Computationally stable log-softplus

At some point during computation, my model needs to compute the logarithm of softplus of a parameter.
Currently, I implement this via:

torch.nn.functional.softplus(theta).log()

Due to the log() call I fear that there might be issues with computational stability.
Is there a computationally more stable way of computing log-softplus?
I do not want to change my parameterization.
Thank you!

I don’t think this can be simplified. As for “stability”, you’re limited by float32 representation bounds, it is not like you’ll get biased errors or something (except inherent log() imprecision).

quick update:
for now, I am using the approximation as in this pseudo-code:

def log_softplus(x):
  if x > -5:
    return torch.nn.functional.softplus(x).log()
  else:
    return x

which is numerically stable for small x. If done naively (softplus then log), softplus would return a very small number with low precision.

Ah, sorry, you’re right, I somehow assumed that lim(log(x))=0, and problem in that area. You may just want to vectorize your approach with torch.where.

Hi Steve!

I think your concern about loss of precision is a partial red herring.

Because we’re working with floating-point numbers, we don’t lose
precision when softplus (x) becomes small (say, on the order of
10**-7). We only start to lose precision when softplus (x) becomes
very small and starts to denormalize and then underflows to zero
(at which point the subsequent log() will return -inf). This starts to
happen around 10**-38 (which corresponds to an x of about -90.0).
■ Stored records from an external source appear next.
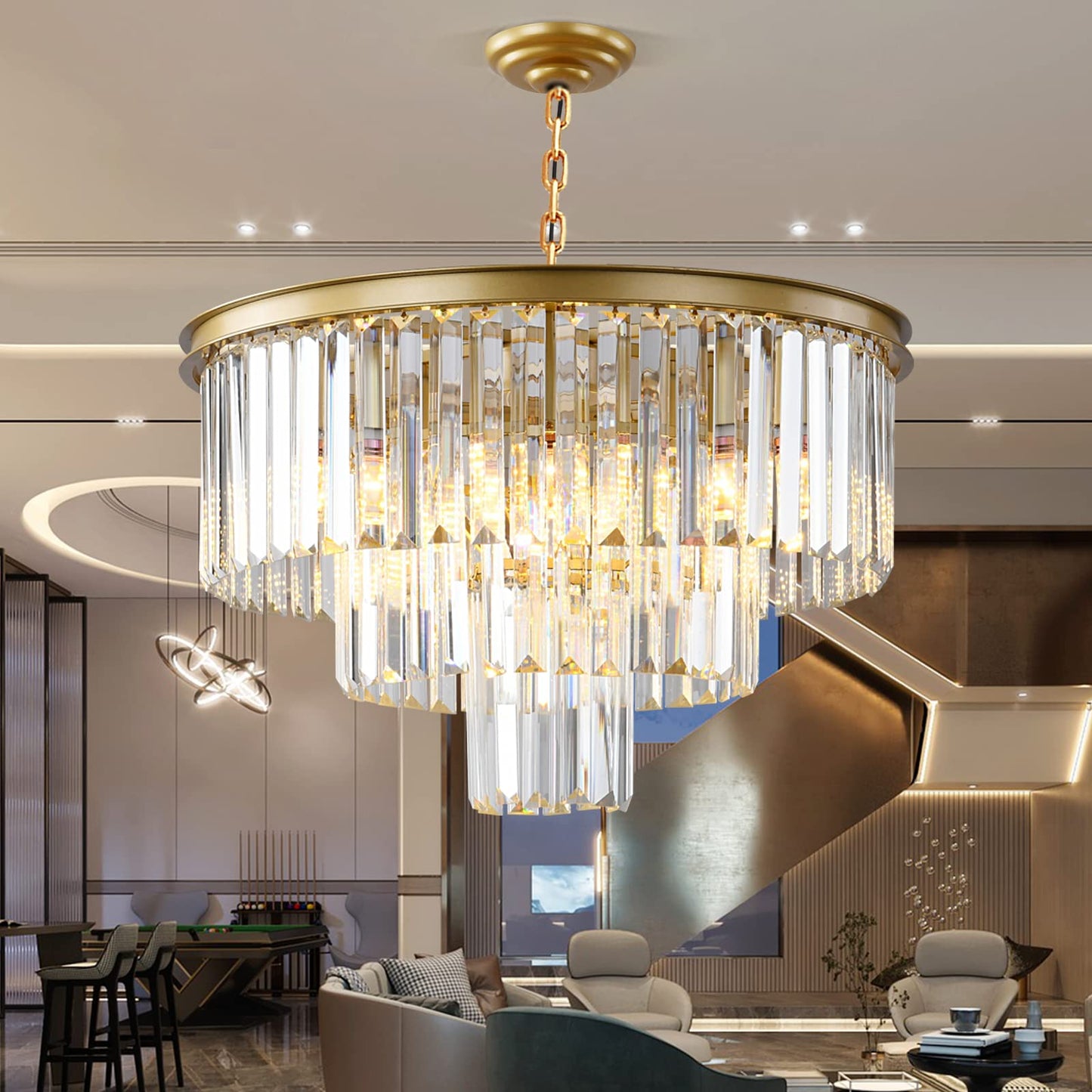 Laiuetai Gold Modern Crystal Chandelier, 3-Tier Round Flush Mount Ceiling Light Fixtures Height Adjustable Pendant Lighting for Dining Room Living Room Bedroom Kitchen Hotel Foyer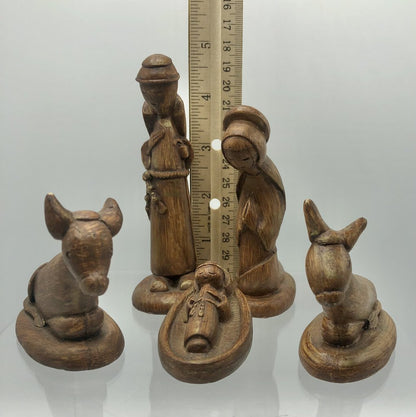 Vintage Italy Nativity w/Rough Hewn Crèche /b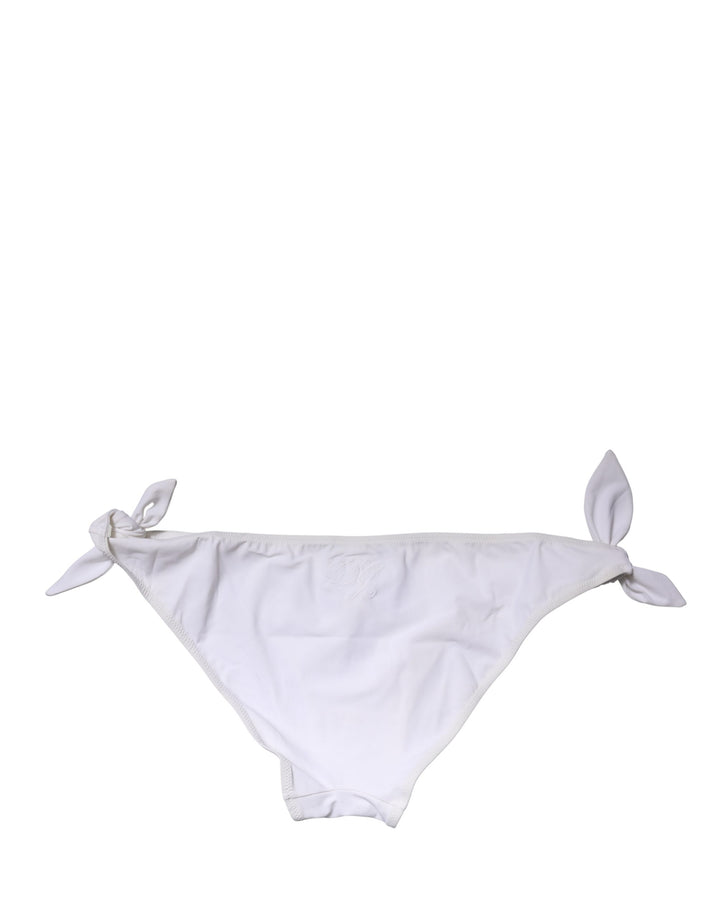 Dolce &amp; Gabbana White Side-Tie Bikini Bottom Swimsuit Swimwear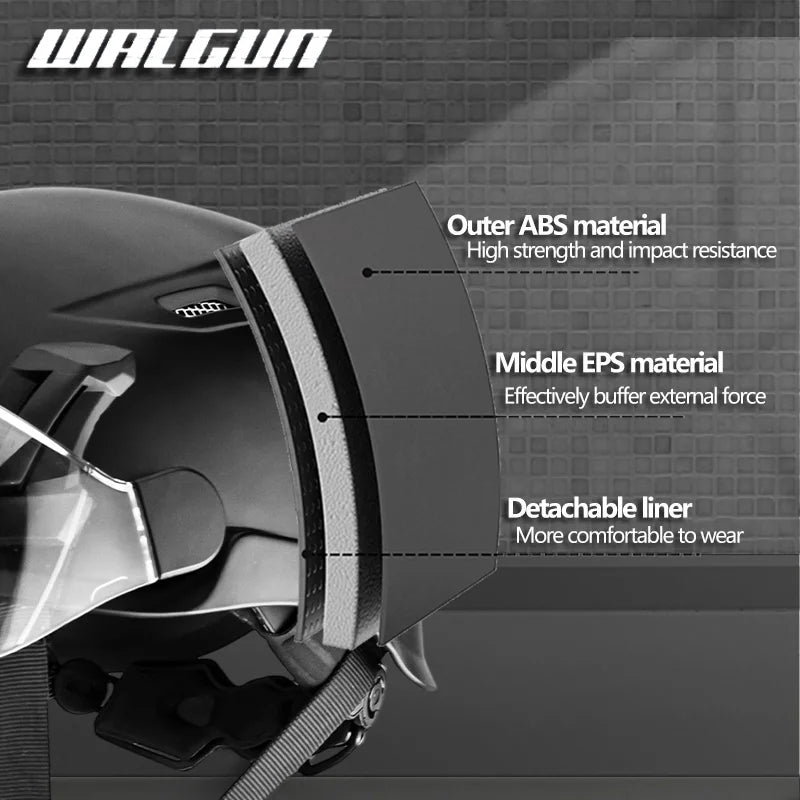 WALGUN K202 Construction Work Safety Helmet with Goggle Lens Visor Ear Protection Hat Electrician Work-at-height Climbing Helmet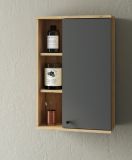Badezimmer H�ngeschrank Torsby in grau und Evoke Eiche Badschrank h�ngend 51 x 75 cm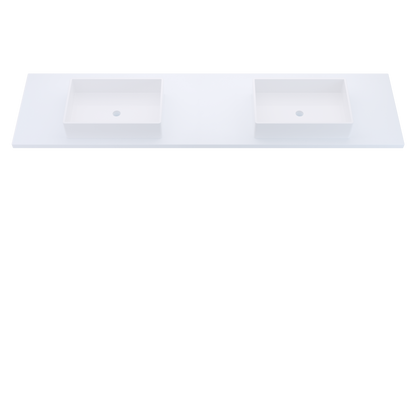 85" Vanderloc Silestone® Quartz Bathroom Vanity Top | Double Vigo Sink | Centered in Miami White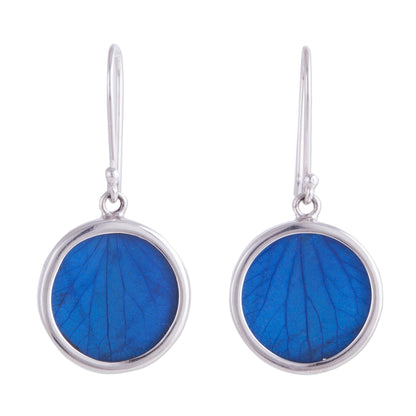 Blue Eden Sterling Silver and Natural Leaf Earrings in Blue from Peru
Whether this matters depends on your specific use case. But, unless
your argument to log-softplus can reasonably become as negative as,
say, -90, your “naive” implementation will be fine.

On the other hand, if your argument to log-softplus can reasonably
become that negative, then your suggested version does make
sense, except that you should use a 'breakpoint" (x > -5) that is
significantly more negative than -5 (perhaps something like -40).
As it stands, your breakpoint of -5 does more harm than good,
because in this range x is an imperfect approximation to log-softplus.

The following illustrative script uses a double-precision log-softplus
computation as a surrogate for the exact result:

import torch
print (torch.__version__)

def log_softplusA (x):
    return torch.nn.functional.softplus (x).log()

def log_softplusB (x, brk = -5.0):
    return torch.where (x > brk, torch.nn.functional.softplus (x).log(), x)

x = torch.arange (-100, 101, 1).double() / 10.0

lsp = log_softplusA (x)   # double-precision "ground truth"

diffA = log_softplusA (x.float()) - lsp
diffB = log_softplusB (x.float()) - lsp

print ('diffA.abs().max() =', diffA.abs().max())
print ('diffB.abs().max() =', diffB.abs().max())
print ('diffB.abs().argmax() =', diffB.abs().argmax())
print ('x[diffB.abs().argmax()] =', x[diffB.abs().argmax()])

print ('log_softplusA (torch.tensor ([-90.0])) =', log_softplusA (torch.tensor ([-90.0])))
print ('log_softplusA (torch.tensor ([-100.0])) =', log_softplusA (torch.tensor ([-100.0])))
print ('log_softplusA (torch.tensor ([-110.0])) =', log_softplusA (torch.tensor ([-110.0])))
print ('log_softplusA (torch.tensor ([-110.0], dtype = torch.double)) =', log_softplusA (torch.tensor ([-110.0], dtype = torch.double)))

And here is its result:

1.7.1
diffA.abs().max() = tensor(8.1795e-07, dtype=torch.float64)
diffB.abs().max() = tensor(0.0034, dtype=torch.float64)
diffB.abs().argmax() = tensor(50)
x[diffB.abs().argmax()] = tensor(-5., dtype=torch.float64)
log_softplusA (torch.tensor ([-90.0])) = tensor([-90.])
log_softplusA (torch.tensor ([-100.0])) = tensor([-99.9831])
log_softplusA (torch.tensor ([-110.0])) = tensor([-inf])
log_softplusA (torch.tensor ([-110.0], dtype = torch.double)) = tensor([-110.], dtype=torch.float64)

Best.

K. Frank

Well, thank you for your insightful comment!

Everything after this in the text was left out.